Tencent Open Sources Hunyuan-A13B: A MOE Model Of Active Parameter 13B With Double-mode Reasoning And Context 256K

When you buy through links on our site, we may earn a commission at no extra cost to you. However, this does not influence our evaluations.

The Hanyuan team from Tencent introduced HUNYUAN-A13BA new open source Great language model built on a sparse Mixture of experts (MOE) architecture. Although the model includes 80 billion parameters in total, only 13 billion are active during inference, offering a very effective balance between performance and the cost of calculation. He supports Watch out for the group request (GQA),, Context length 256Kand a Double -style reasoning framework which rocks between rapid and slow thought.

Designed for effective deployment and robust reasoning, Hunyuan-A13B obtains high-level performance through aging references, in particular BFCL-V3,, bench τ,, C3 benchAnd ComplexOften surprising larger models in tool call scenarios and long context.

Architecture: sparse MOE with active parameters 13B

Basically, Hanyuan-A13B follows a fine grain MOE design comprising 1 shared expert And 64 unrelated expertswith 8 experts activated by front pass. This architecture, supported by scaling experiences, guarantees the consistency of performance while maintaining low inference costs. The model includes 32 layers, uses Swiglu Activations, a vocabulary size of 128K and integrates GQA for improved memory efficiency during long context inference.

The MOE configuration of the model is associated with optimization training program: A 20T pre-training phase, followed by a rapid receipt and long-context adaptation. This last phase evolves the context window first at 32K then to 256K tokens using the positional coding of NTK-Aware, guaranteeing stable performance with long sequence length.

Double -style reasoning: fast and slow reflection

A remarkable characteristic of Hunyuan-A13B is its Double mode of thought chain (COT) ability. It supports both a low latency fast mode for routine queries and a more elaborate slow Mode for reasoning in several stages. These modes are controlled via a simple tag system: /no think for rapid inference and /think For reflective reasoning. This flexibility allows users to adapt the calculation cost to the complexity of tasks.

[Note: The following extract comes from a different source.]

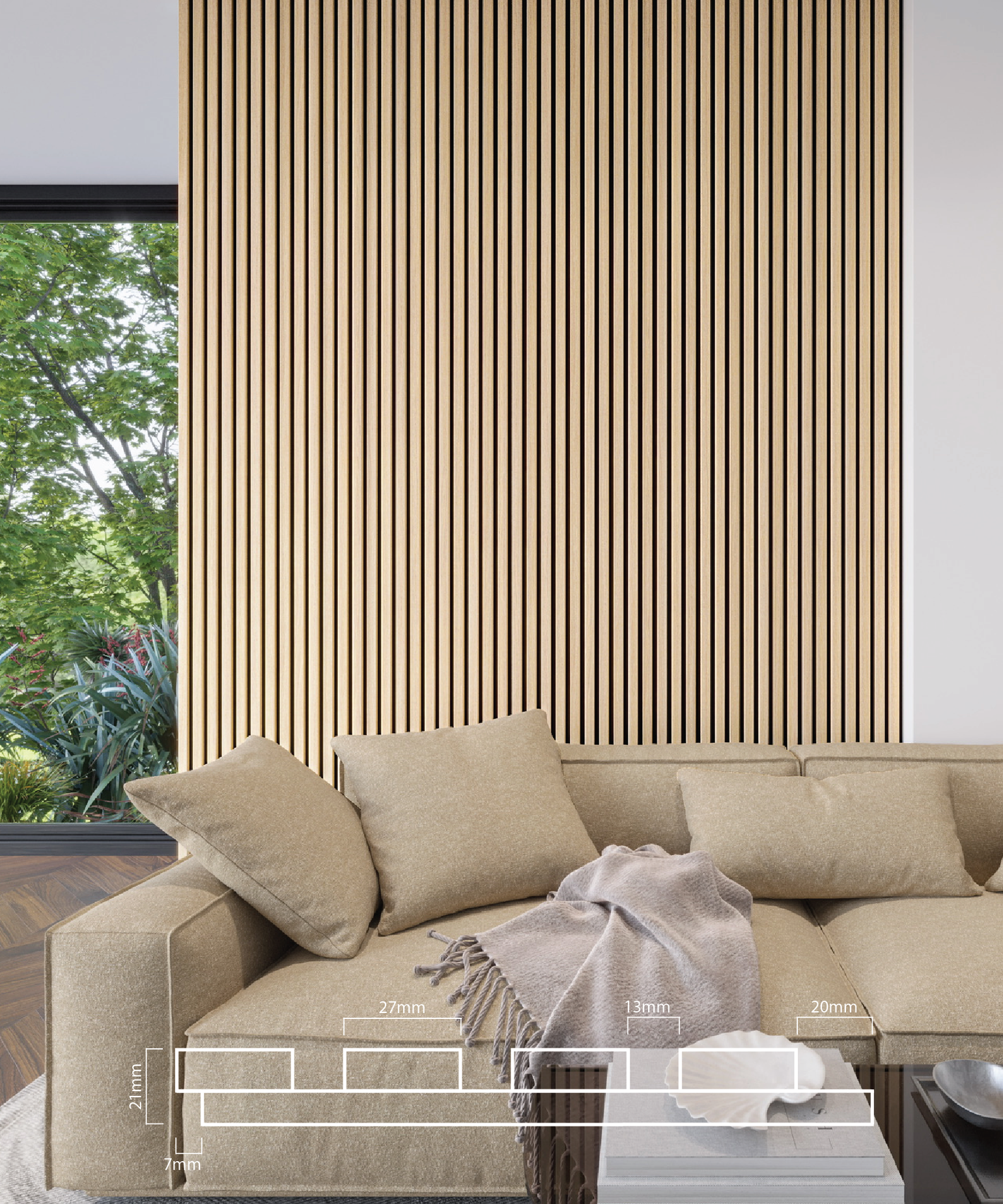 Wooden Slat Acoustic Wall and Ceiling Panelling – Profile Panels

Post-training: learning to strengthen with specific reward models

Hunyuan-A13B's post-training pipeline includes Fine refinement supervised in several stages (SFT) And Reinforcement learning (RL) Both both specific to reasoning and general tasks. The RL steps incorporate Rewards based on results And Breakdown specific to the toolIncluding Sandbox execution environments for code and checks based on rules for agents.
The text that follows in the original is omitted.